▸ EXERCISE REQUIREMENTS
In the data below, find the line containing "Aerial view, forest" and the line containing "Combat Center 17th", then reproduce them and every line between, exactly. Omit pictures.

RECORDS PROVIDED Start Marker

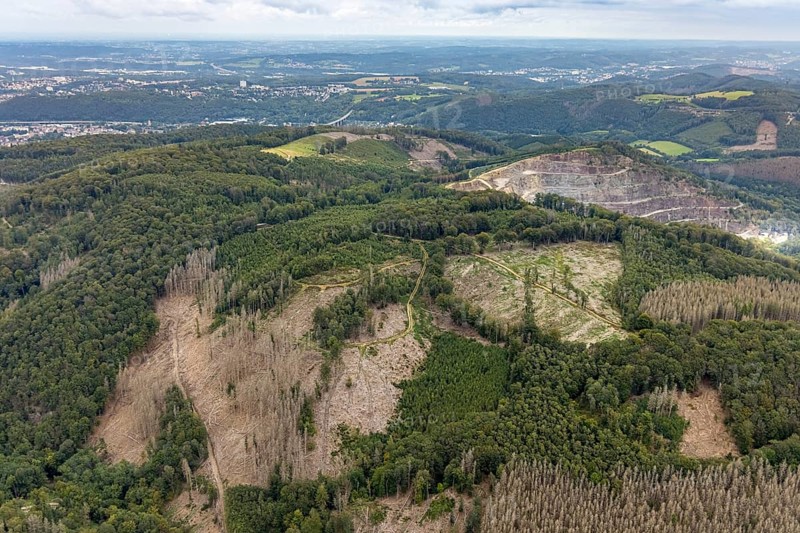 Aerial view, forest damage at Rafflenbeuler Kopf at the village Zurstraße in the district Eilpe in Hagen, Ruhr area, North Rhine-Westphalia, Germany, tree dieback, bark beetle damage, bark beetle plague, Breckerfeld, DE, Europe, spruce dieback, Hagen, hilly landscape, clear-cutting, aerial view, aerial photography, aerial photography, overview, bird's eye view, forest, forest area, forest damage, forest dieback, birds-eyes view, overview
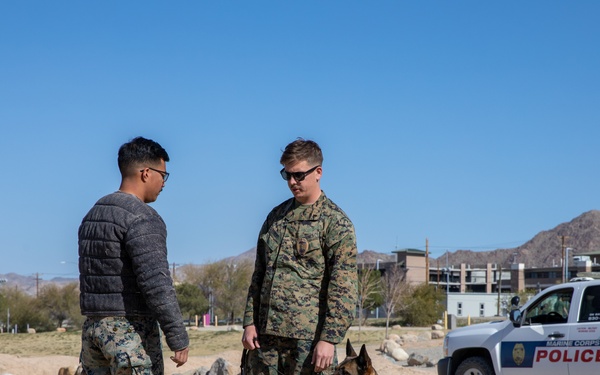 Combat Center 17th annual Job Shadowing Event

RECORDS PROVIDED End Marker
RECORDS PROVIDED Start Marker

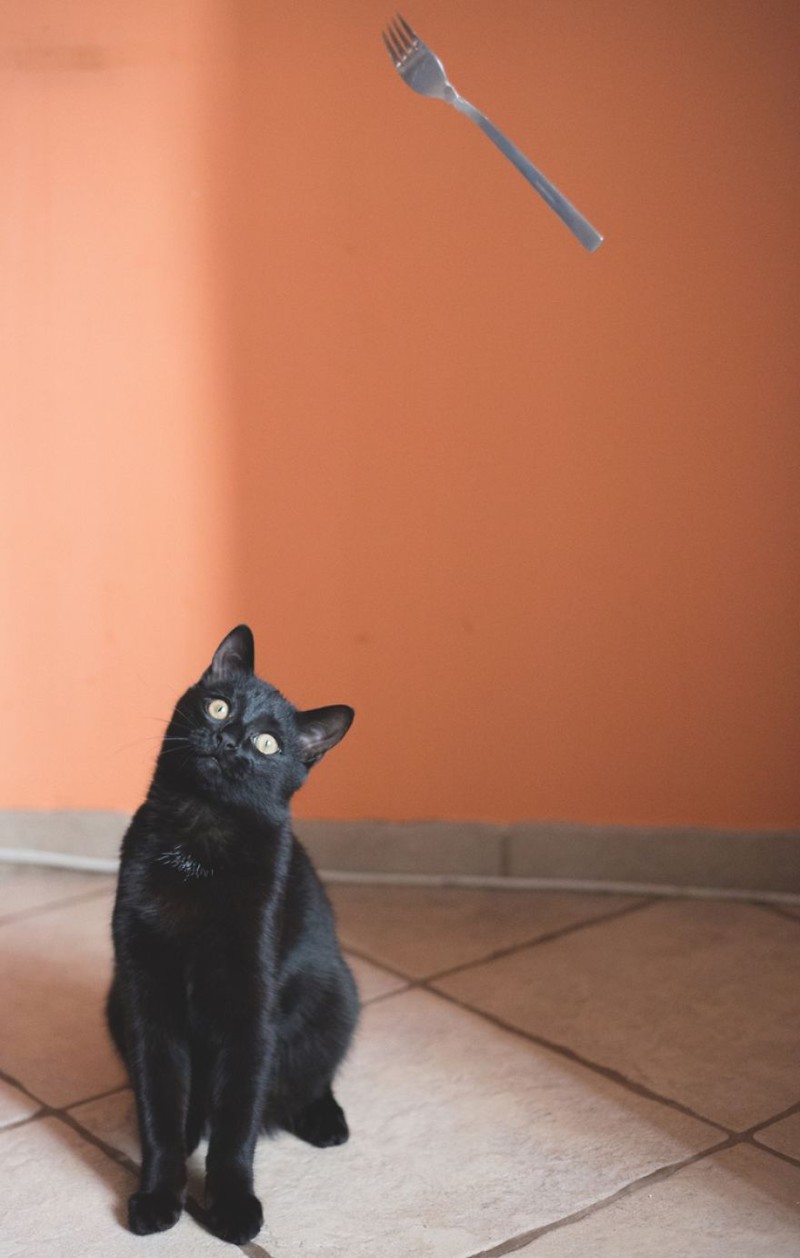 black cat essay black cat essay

RECORDS PROVIDED End Marker

▸ RESULT
 Aerial view, forest damage at Rafflenbeuler Kopf at the village Zurstraße in the district Eilpe in Hagen, Ruhr area, North Rhine-Westphalia, Germany, tree dieback, bark beetle damage, bark beetle plague, Breckerfeld, DE, Europe, spruce dieback, Hagen, hilly landscape, clear-cutting, aerial view, aerial photography, aerial photography, overview, bird's eye view, forest, forest area, forest damage, forest dieback, birds-eyes view, overview
 Combat Center 17th annual Job Shadowing Event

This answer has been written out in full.